DATA SUPPLIED:
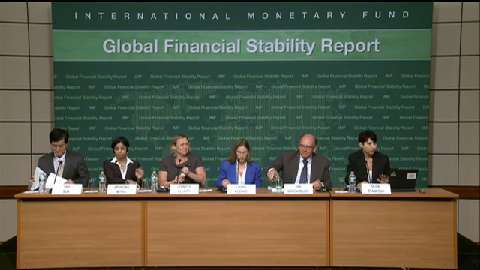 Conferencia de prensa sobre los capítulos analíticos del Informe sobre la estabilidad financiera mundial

...

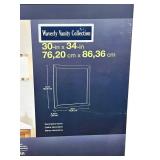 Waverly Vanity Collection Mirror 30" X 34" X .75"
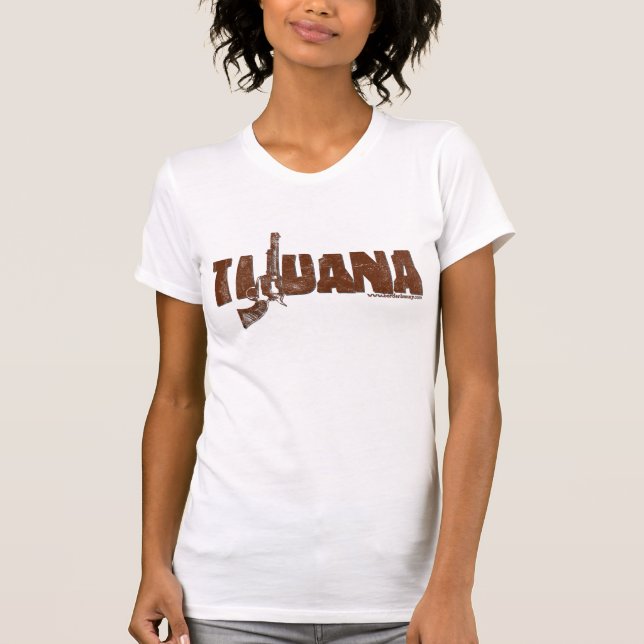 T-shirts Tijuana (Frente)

--

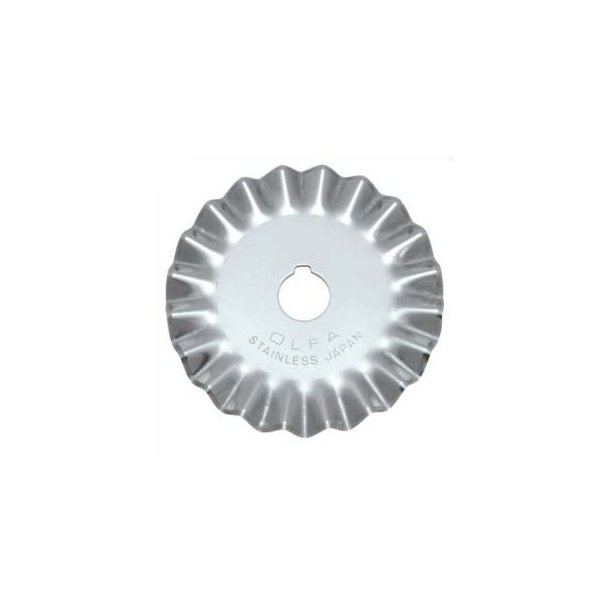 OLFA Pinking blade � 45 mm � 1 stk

ACTION ITEM: Look above for the line with "Waverly Vanity Collection" and the line with "T-shirts Tijuana (Frente)". Output those two and everything between them exactly, pictures excluded.

ANSWER FOR THIS EXERCISE:
 Waverly Vanity Collection Mirror 30" X 34" X .75"
 T-shirts Tijuana (Frente)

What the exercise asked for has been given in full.